I'm curious (and i'm sure that you've posted this before). If (for some strange reason) you where limited to only smoke three different brands/types of cigars over the next year or so. Which ones would it be?


----------



## MiamiE (Mar 5, 2005)

Bolivar Corona, Partagas Shorts, PSD4


----------



## LasciviousXXX (Oct 12, 2004)

Cuaba, Partagas, HDM

There's too many good ones in each line to try and narrow it down to 1 so I'll be greedy and just include the entire line of each


----------



## RPB67 (Mar 26, 2005)

Partagas PSD4

Montecristo #2

Cohiba Siglo VI


----------



## DownUnder LLG (Mar 29, 2005)

LasciviousXXX said:


> Cuaba, Partagas, HDM
> 
> There's too many good ones in each line to try and narrow it down to 1 so I'll be greedy and just include the entire line of each


What he said, not nes in that order though, but then again does order matter?


----------



## LastClick (Jan 2, 2005)

It would have to be: 

Joya De Nic Ant
PSD4
RASS


----------



## bulldawg (Jan 22, 2005)

Boli PC, Monte #2, JL2


----------



## The Prince (Apr 9, 2005)

ERDM Choix Supreme, Punch Super Selection No. 2, H.Upmann Super Corona.


----------



## partagaspete (Apr 27, 2004)

Partagas Lusitania

PSD4

RASS

I think after the PSP2's age they would probably replace the RASS or D4's. Just not sure yet.

Y


----------



## emdub23 (Feb 20, 2004)

PSD4
Esplendido
BBF


----------



## zemekone (Aug 1, 2004)

I guess im gonna have to go with the rest of these gorillas:
PSD4
HdM Epi 2
MAG 46


----------



## MoTheMan (May 24, 2003)

My three favorites:


Cohiba Lancero

R&J Churchill (Tubo)

HdM Epi2


----------



## DsrtDog (Jan 25, 2005)

Partagas Lusi
Bolivar RC
Monte #2

They would all be aged 3 years minimum


----------



## LasciviousXXX (Oct 12, 2004)

Great Choices Doug........... hehehe


----------



## DsrtDog (Jan 25, 2005)

LasciviousXXX said:


> Great Choices Doug........... hehehe


Yeah you are responsible for the Lusi and the Monte choices...You are so good at being bad


----------



## The Privateer (Nov 15, 2004)

Trinidad Coloniales

Cuaba Tradicionales

Quai d'Orsay Gran Coronas


----------



## Gordon in NM (Mar 9, 2005)

Cohiba Siglo II - mareva

H. Upmann #2 - Piramide

RyJ Churchill tubo- Julietta

Alternate selections:

Boli PC - mareva

HdM Piramides EL - piramide

Juan Lopez seleccion#1 - corona gorda

Honorable mentions include:

Siglo IV
Partagas 898V
PSP2
PSD4
Monte #2

Please note, all selections are subject to change on a whim. I could never make it a year on only three different cigars, and I pray that I'll never have to.

Peace-out,

Gordo


----------



## Moosie (Apr 25, 2005)

zemekone said:


> I guess im gonna have to go with the rest of these gorillas:
> PSD4
> HdM Epi 2
> MAG 46


I'll second that.


----------



## icehog3 (Feb 20, 2005)

Bolivar Royal Coronas 00
Bolivar Royal Coronas 01
another box of Bolivar Royal Coronas 00 :w


----------



## dayplanner (Dec 11, 1997)

PSD4

Boli PC

Fonseca KDT Cadette (gotta have a short smoke in there)

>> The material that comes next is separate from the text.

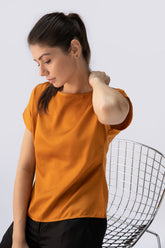 Saltpetre womens formal work t-shirts for under blazers in organic cotton with rounded necks - mustard yellow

I'm pretty new to ISOM's but very partial to these already :w


----------



## LasciviousXXX (Oct 12, 2004)

DsrtDog said:


> Yeah you are responsible for the Lusi and the Monte choices...You are so good at being bad


I've been school'd by the best  I'm just passin' along the goodness


----------



## dayplanner (Dec 11, 1997)

PSD4

Boli PC

Fonseca KDT Cadette (gotta have a short smoke in there)

I'm pretty new to ISOM's but very partial to these already :w


----------



## blowfin (Dec 15, 2004)

Boli PC, R&J ex #4, Trini Fundadore


----------



## Gargamel (Nov 8, 2004)

RyJ Ex#4

Cohiba Siglo I

RASS


----------



## RcktS4 (Jan 13, 2005)

VR Famoso
PSD 4
ERDM Choix Supreme


----------



## coppertop (Dec 29, 2003)

Anything Partagas
Por Larranaga (PC's)
Anything Juan Lopez


----------



## Fredster (Jan 26, 2004)

Bolivar and Partagas for top two brands is easy for me. The third is difficult. I like all the rest pretty equal. I guess it would be H.D.M., I just love the Le Hoyo series with 5-8 years age. Punch has a very nice line of cigars in my rotation also, and would be a close 4th for favorite brand. Cohiba and Monte are definately great brands also. I don't smoke a lot of Romeos. If I could only have 3 cigars to smoke from now on, thats a tough one also. Probably Bolivar P.C., C.G., and Part. shorts.


----------



## Smokem94 (Mar 18, 2005)

MC #2
ERDM Choix Supreme
CoRo


----------



## dadof3illinois (Nov 7, 2004)

1). Anything Partagas
2). Bolivar Royal Coronas
3). Vegas Robaina Famosos


----------



## t'kay (Jan 30, 2005)

Even though I've only had a few of each of these I'm gonna have to say (until I change my mind in 20 minutes)
I just realized this is for Habanos...

HdM Epi2
JL#2..why are they so good?
Bolivar anything(a PC would be nice...), Mmmm.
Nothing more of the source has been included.